Other defendants received an amnesty.

The defendants appealed the verdict, pointing out they were victims of torture while in prison. The Military Court of Cassation acquitted them and ordered their release. The Military Court of Appeals objected and ordered a retrial, which began on 26 October 1945. On 31 March 1947 all the defendants were acquitted because the Istanbul Martial Law Court argued there was no evidence for an attempt to overthrow the government; further, since the Turkish Settlement Law included notions of those who belong to the Turkish race and those who do not, racism was not contrary to the Turkish Constitution.

== Aftermath ==
During the retrial, Kenan Öner, lawyer for the defendants, accused Hasan Âli Yücel of protecting communists, specifically in the Ministry of National Education. Yücel sued Öner and a case was opened between them, in which the defendants of the Racism-Turanism trials and many other nationalists were witnesses. Yücel argued he never supported communists and all the witnesses were manipulated by Atsız. Atsız responded harshly; arguing it was Yücel's fault if every witness thinks similarly about him, stating Yücel appointed many communists to important academic positions and he made things too personal with Atsız. Öner was found innocent on 19 November 1947, but after a series of retrials, since Öner's death in March 1949, other defendant Cemalettin Saracoğlu was given a little punishment, closing the case.

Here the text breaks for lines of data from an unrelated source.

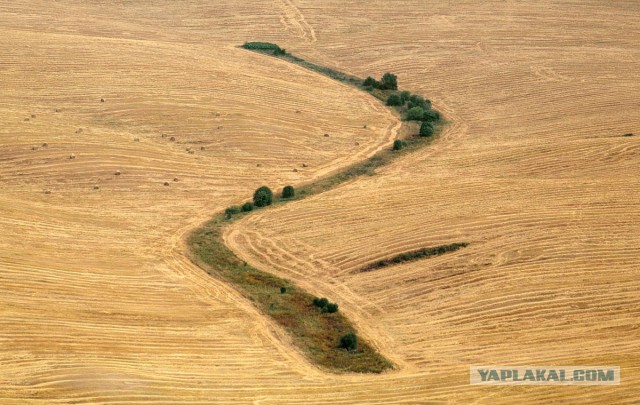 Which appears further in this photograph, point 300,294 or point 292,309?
point 300,294

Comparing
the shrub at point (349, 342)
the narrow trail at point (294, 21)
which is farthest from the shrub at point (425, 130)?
the shrub at point (349, 342)

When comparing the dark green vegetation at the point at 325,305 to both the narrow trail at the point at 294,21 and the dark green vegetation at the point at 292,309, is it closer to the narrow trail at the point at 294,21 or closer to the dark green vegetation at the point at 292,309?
the dark green vegetation at the point at 292,309

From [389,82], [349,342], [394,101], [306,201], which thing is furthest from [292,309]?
[389,82]

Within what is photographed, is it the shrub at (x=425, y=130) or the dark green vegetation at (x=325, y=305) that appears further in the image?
the shrub at (x=425, y=130)

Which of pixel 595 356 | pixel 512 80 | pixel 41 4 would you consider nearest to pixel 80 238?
pixel 595 356

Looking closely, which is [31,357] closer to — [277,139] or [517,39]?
[277,139]

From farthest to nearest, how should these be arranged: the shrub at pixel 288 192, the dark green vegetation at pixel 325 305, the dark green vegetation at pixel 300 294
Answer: the shrub at pixel 288 192, the dark green vegetation at pixel 325 305, the dark green vegetation at pixel 300 294

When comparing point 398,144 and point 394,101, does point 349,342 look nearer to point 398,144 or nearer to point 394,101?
point 398,144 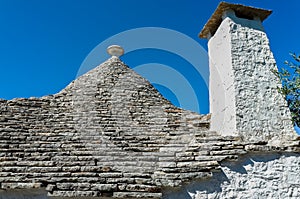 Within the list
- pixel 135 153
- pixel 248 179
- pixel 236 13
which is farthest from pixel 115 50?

During the Öner-Yücel trial, witnesses testified about the tortures. Hikmet Tanyu released a little article on the tortures they faced and after his efforts, a case was opened against the prosecutor Kazım Alöç, martial law commander Sabit Noyan, İstanbul's security director Ahmet Demir, 1st branch manager of security Sait Koçak and many others. However, after a general amnesty was declared in the Democratic Party government, all of them were released.

== Legacy ==
Türkkan, Atsız, Togan, Sançar and others, who at the time were imprisoned in the Tophane Military prison, held a reunion on the 3 May 1945 to remember the demonstrations in support of Atsız. Since, the 3 May is celebrated as Turkism Day by Turkish nationalists.